Employee shares are no-longer a differentiator for companies… regular liquidity events can be

Knowledge Base
Wednesday, November 22, 2023

Author: Ben Weaver

Startups have been offering staff shares since the late 1950s but the practice has only really stepped out of Silicon Valley into the mainstream in the last decade or so. Today, many companies, from new startups to established conglomerates, offer shares to staff to improve remuneration, reward loyalty and encourage them to feel more invested in their companies. 

A strategy which, by all accounts, works. Recent figures from the UK Government show that almost three quarters of businesses with an employee share scheme (ESS) say it has helped them retain and recruit staff. 

As a result, ESSs are on the rise. According to a report from the Employee Ownership Association, the popularity of employee equity is growing by more than 10% a year, while earlier this year, the Chancellor, Jeremy Hunt, announced that the Government was looking into ways to bolster the number of companies offering shares to staff, viewing it as a way to “boost motivation” and breathe new life into into the UK economy. 

While this is undoubtedly welcome news, we couldn’t help but notice that missing from all this was any mention of how those shares would be liquidated – and the impact that in itself could have on growing the UK economy. Information that was also noticeable by its absence in Mr Hunt’s Autumn Budget.  

Traditionally, equity compensation has been considered a long-term reward, a promise of future wealth contingent on the company's success. This approach made sense in an era where IPOs were more common, and the journey from startup to public company was faster. 

But those routes to liquidity are harder to come by these days. The IPO market is a shadow of its former self and companies are staying private far longer than they once did. While this can be lucrative for founders and their investors who can sell parts of their vested shares at each funding round and get some shorter-term liquidity, it leaves employee shareholders in liquidity limbo. The longer this goes on, the ability of employee shares to retain, recruit or motivate  will surely wane as shareholders grow tired of waiting for a gain that never comes. 

What we would like to see companies doing in order to continue to differentiate equity packages, and ensure they remain as a talent tool is guaranteeing some form of liquidity event after a certain time. By offering employees regular opportunities to liquidate a portion of their equity, companies can transform what was once a vague promise into a tangible asset, clearly differentiating themselves from competing business. Private companies could use the vesting process typically applied to equity compensation schemes to also trigger liquidity events. 

For example, after a 1, 3, or 5-year period of employment, employees could be permitted to sell a portion of their shares during a trading window that the company periodically specifies and conducts. At Asset Match, we are able to facilitate liquidity events of this nature and over the last 12 years, we’ve carried out more than 750 periodic auctions and transacted over £125m. 

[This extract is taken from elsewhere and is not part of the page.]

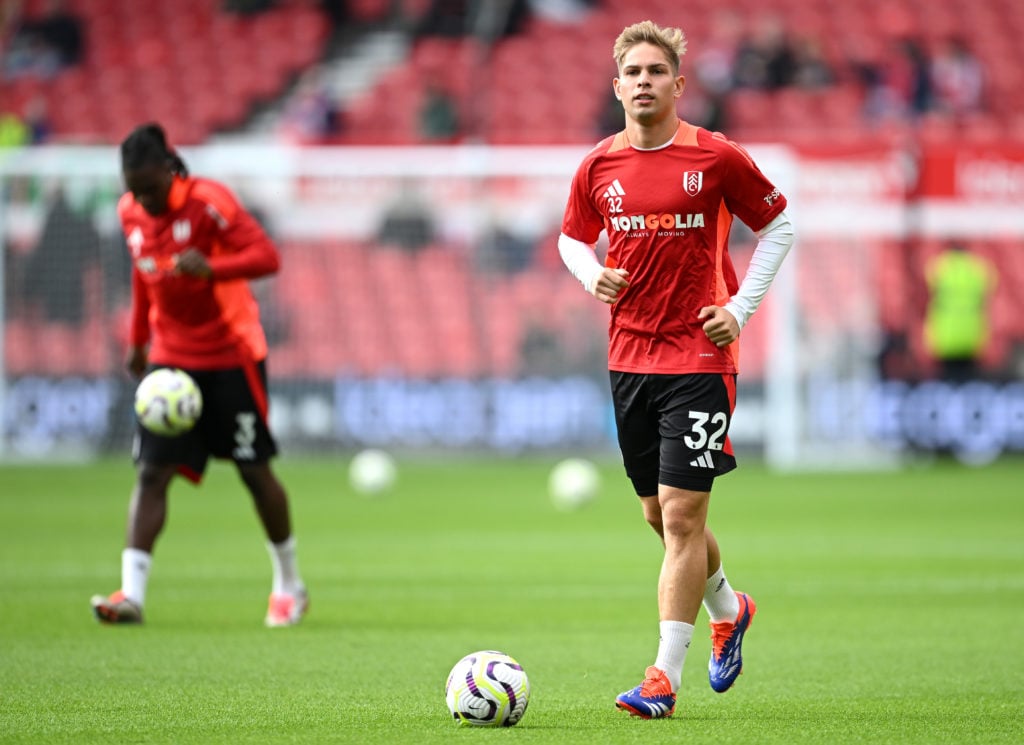 Nottingham Forest FC v Fulham FC - Premier League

For companies concerned about inviting unknown shareholders into the business, these auctions need not be a general sale where anyone can buy in, but rather an internal market with specified sellers and buyers. There’s also no guarantee of a sale or price, but if a price is settled on, it is decided by an algorithm that pinpoints a fair trade calculated from the median price of all the bids and offers. 

The implementation of regular liquidity events can do more than just provide employees with some additional cash, they can help foster a culture of trust and recognition within the organisation. Employees who see a clear path to realising the value of their equity will hopefully feel more valued and, in turn, more committed to the company's vision and success. 

Moreover, these events send a strong message to potential recruits. They signal that the company is not only forward-thinking in its approach to compensation, but also genuinely invested in the welfare and satisfaction of its employees. Furthermore, for companies that initially gave shares to earlier employees but no longer offer equity to new hires, it could present those new hires with an opportunity to buy into the business. 

From a wider economic point of view, the cashing in of these shares is a great way to let loose some of the trillions of pounds of trapped liquidity the country has locked away. It also facilitates the recycling of cash – especially considering the illiquidity discount (30% to 50% by our estimates) it offers buyers – back into the market, bolstering sentiment. 

For private companies and the government this is one of the ideal scenarios where the right moral decision is also the right business one.